The Best of Both Worlds: On Repairing Timestamps and Attribute Values for Multivariate Time Series

Jingyu Zhu, Weiwei Deng, Yu Sun, Shaoxu Song, Haiwei Zhang, Xiaojie Yuan

Abstract

Dirty data are often observed in the multivariate time series, which not only degrades data quality but also adversely affects various downstream applications. Existing studies typically focus on repairing such errors appearing in either timestamps or attribute values alone, relying on the assumption that the other part is clean. However, in real scenarios, owing to various reasons, both timestamps and attribute values can be erroneous. It is intuitive to repair timestamps and attribute values respectively by calling different methods in turn. However, such a strategy may lead to over-repairing and introduce additional errors, by ignoring the mutual reference between timestamps and attribute values. Therefore, in this study, rather than repairing timestamps and attribute values respectively by calling different methods in turn, we consider the repairing for both attribute values and timestamps simultaneously.

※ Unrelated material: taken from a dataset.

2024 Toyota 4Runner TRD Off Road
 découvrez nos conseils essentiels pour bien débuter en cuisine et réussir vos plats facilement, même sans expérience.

Our major contributions include (1) defining the multivariate speed constraints and formalizing the optimal repair problem with the NP-hardness analysis, (2) computing the exact solutions with pruning strategies and correctness ensurance, (3) designing the quadratic time approximation algorithm with the performance guarantee, (4) devising the linear time algorithm and ensuring its approximation performance bound. Empirical results over real-world dirty datasets demonstrate the superiority and practicality of our algorithms, against eleven competing methods, where our algorithm not only achieves the best accuracy but also spends the lowest time cost.